Exercise material:
════════

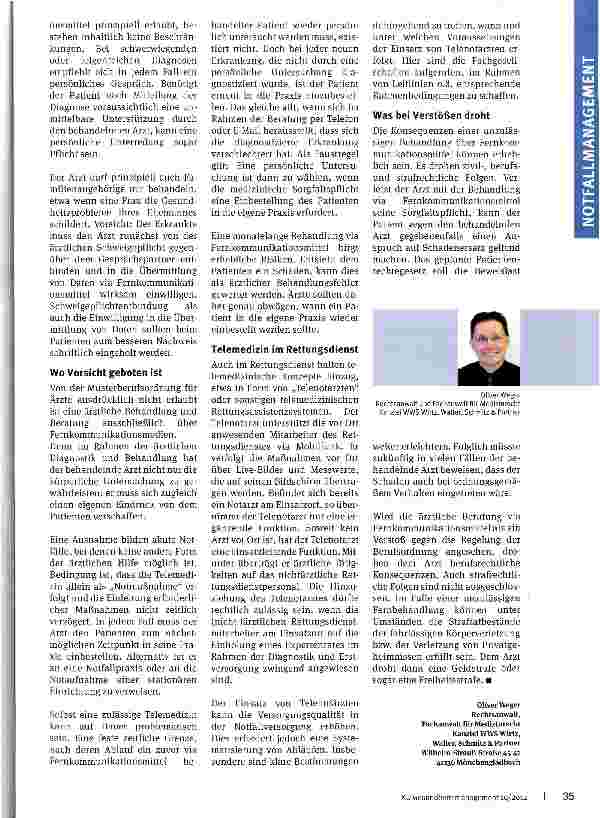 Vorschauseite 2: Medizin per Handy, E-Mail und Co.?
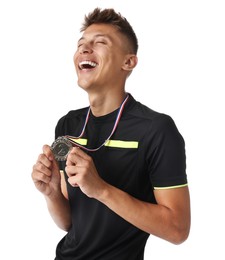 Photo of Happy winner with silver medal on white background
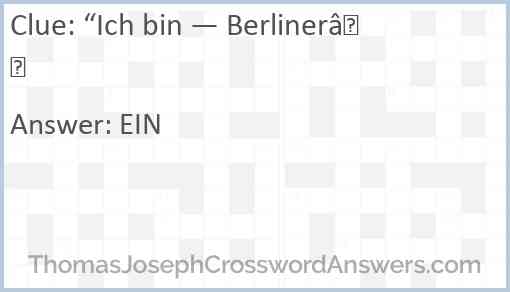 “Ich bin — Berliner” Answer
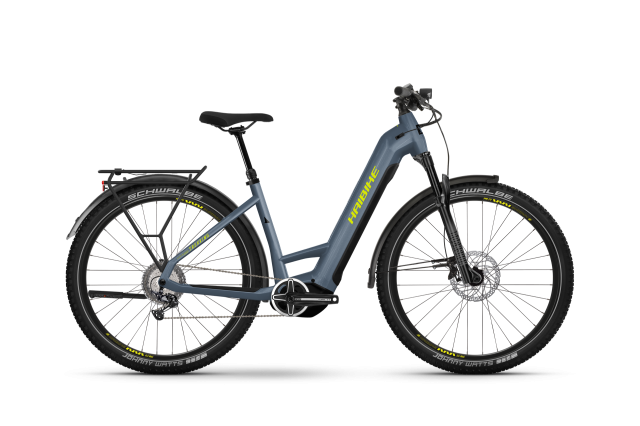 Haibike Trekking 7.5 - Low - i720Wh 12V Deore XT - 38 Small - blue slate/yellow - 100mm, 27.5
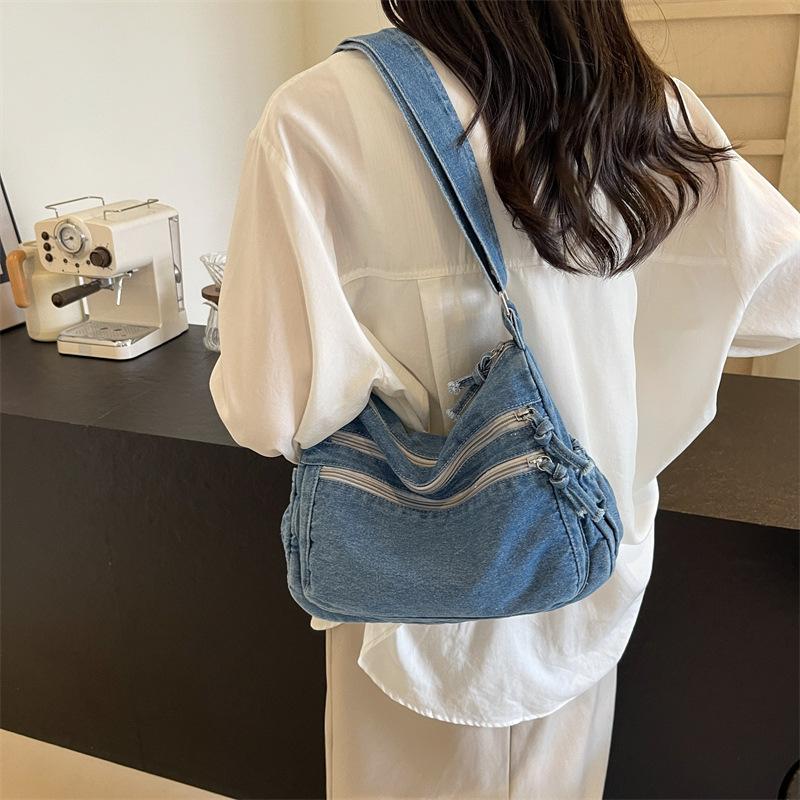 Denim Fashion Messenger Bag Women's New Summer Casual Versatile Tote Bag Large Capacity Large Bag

════════

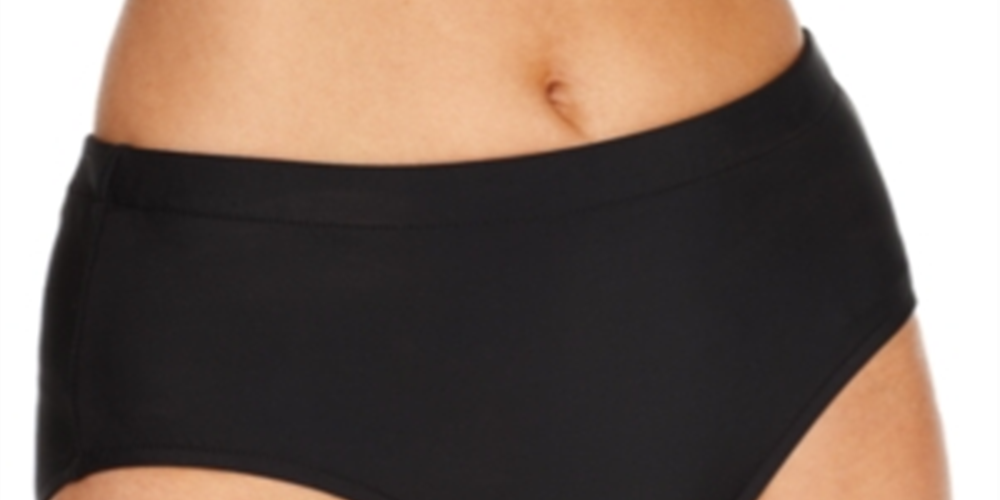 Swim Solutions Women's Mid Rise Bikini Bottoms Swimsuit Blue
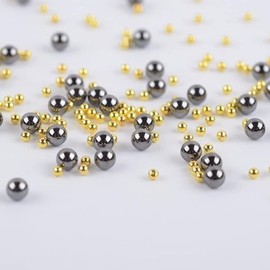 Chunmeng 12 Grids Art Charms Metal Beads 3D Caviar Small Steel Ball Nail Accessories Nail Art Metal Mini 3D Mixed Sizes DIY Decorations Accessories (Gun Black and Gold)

════════

What is required: Using the listing above, restate exactly the range between the lines holding "Photo of Happy" and "Denim Fashion Messenger", inclusive, with pictures left out.

Expected answer:
 Photo of Happy winner with silver medal on white background
 “Ich bin — Berliner” Answer
 Haibike Trekking 7.5 - Low - i720Wh 12V Deore XT - 38 Small - blue slate/yellow - 100mm, 27.5
 Denim Fashion Messenger Bag Women's New Summer Casual Versatile Tote Bag Large Capacity Large Bag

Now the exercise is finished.